START DATASET

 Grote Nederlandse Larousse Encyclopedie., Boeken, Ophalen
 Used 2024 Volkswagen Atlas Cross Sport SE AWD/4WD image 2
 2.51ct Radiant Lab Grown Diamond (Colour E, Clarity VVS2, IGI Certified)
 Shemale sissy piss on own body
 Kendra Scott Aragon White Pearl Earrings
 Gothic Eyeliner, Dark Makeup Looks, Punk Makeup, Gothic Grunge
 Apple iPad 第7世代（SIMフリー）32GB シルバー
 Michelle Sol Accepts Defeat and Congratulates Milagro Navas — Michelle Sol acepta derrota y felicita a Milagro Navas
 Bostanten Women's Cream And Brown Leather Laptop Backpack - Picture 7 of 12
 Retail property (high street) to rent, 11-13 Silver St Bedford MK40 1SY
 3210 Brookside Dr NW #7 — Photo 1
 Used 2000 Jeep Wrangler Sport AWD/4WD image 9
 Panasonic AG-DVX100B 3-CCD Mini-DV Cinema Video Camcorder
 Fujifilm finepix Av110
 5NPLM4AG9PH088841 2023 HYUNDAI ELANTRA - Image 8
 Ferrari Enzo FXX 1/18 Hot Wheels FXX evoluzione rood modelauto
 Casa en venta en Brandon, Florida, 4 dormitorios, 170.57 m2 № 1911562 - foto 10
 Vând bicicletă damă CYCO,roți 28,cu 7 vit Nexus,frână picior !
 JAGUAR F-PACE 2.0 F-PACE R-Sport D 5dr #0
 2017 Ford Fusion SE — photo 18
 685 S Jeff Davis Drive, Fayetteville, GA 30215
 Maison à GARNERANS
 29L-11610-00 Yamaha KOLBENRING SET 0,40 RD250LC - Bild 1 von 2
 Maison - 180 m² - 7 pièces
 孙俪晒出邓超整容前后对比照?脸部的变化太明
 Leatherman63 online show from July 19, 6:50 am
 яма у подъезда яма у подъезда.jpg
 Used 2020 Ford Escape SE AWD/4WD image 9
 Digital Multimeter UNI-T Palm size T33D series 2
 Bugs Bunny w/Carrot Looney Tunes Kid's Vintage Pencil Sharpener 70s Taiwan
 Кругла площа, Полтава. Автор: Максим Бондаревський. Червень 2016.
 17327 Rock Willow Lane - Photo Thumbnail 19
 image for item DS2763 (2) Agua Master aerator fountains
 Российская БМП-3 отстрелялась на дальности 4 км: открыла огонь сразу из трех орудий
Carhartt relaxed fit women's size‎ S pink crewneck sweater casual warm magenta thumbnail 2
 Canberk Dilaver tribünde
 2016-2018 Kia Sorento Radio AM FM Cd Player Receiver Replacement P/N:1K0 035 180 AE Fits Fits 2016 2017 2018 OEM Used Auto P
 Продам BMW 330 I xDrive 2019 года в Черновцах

END DATASET

**YOUR INSTRUCTIONS**
Set every entry down verbatim.

**RESPONSE AREA**
 Grote Nederlandse Larousse Encyclopedie., Boeken, Ophalen
 Used 2024 Volkswagen Atlas Cross Sport SE AWD/4WD image 2
 2.51ct Radiant Lab Grown Diamond (Colour E, Clarity VVS2, IGI Certified)
 Shemale sissy piss on own body
 Kendra Scott Aragon White Pearl Earrings
 Gothic Eyeliner, Dark Makeup Looks, Punk Makeup, Gothic Grunge
 Apple iPad 第7世代（SIMフリー）32GB シルバー
 Michelle Sol Accepts Defeat and Congratulates Milagro Navas — Michelle Sol acepta derrota y felicita a Milagro Navas
 Bostanten Women's Cream And Brown Leather Laptop Backpack - Picture 7 of 12
 Retail property (high street) to rent, 11-13 Silver St Bedford MK40 1SY
 3210 Brookside Dr NW #7 — Photo 1
 Used 2000 Jeep Wrangler Sport AWD/4WD image 9
 Panasonic AG-DVX100B 3-CCD Mini-DV Cinema Video Camcorder
 Fujifilm finepix Av110
 5NPLM4AG9PH088841 2023 HYUNDAI ELANTRA - Image 8
 Ferrari Enzo FXX 1/18 Hot Wheels FXX evoluzione rood modelauto
 Casa en venta en Brandon, Florida, 4 dormitorios, 170.57 m2 № 1911562 - foto 10
 Vând bicicletă damă CYCO,roți 28,cu 7 vit Nexus,frână picior !
 JAGUAR F-PACE 2.0 F-PACE R-Sport D 5dr #0
 2017 Ford Fusion SE — photo 18
 685 S Jeff Davis Drive, Fayetteville, GA 30215
 Maison à GARNERANS
 29L-11610-00 Yamaha KOLBENRING SET 0,40 RD250LC - Bild 1 von 2
 Maison - 180 m² - 7 pièces
 孙俪晒出邓超整容前后对比照?脸部的变化太明
 Leatherman63 online show from July 19, 6:50 am
 яма у подъезда яма у подъезда.jpg
 Used 2020 Ford Escape SE AWD/4WD image 9
 Digital Multimeter UNI-T Palm size T33D series 2
 Bugs Bunny w/Carrot Looney Tunes Kid's Vintage Pencil Sharpener 70s Taiwan
 Кругла площа, Полтава. Автор: Максим Бондаревський. Червень 2016.
 17327 Rock Willow Lane - Photo Thumbnail 19
 image for item DS2763 (2) Agua Master aerator fountains
 Российская БМП-3 отстрелялась на дальности 4 км: открыла огонь сразу из трех орудий
Carhartt relaxed fit women's size‎ S pink crewneck sweater casual warm magenta thumbnail 2
 Canberk Dilaver tribünde
 2016-2018 Kia Sorento Radio AM FM Cd Player Receiver Replacement P/N:1K0 035 180 AE Fits Fits 2016 2017 2018 OEM Used Auto P
 Продам BMW 330 I xDrive 2019 года в Черновцах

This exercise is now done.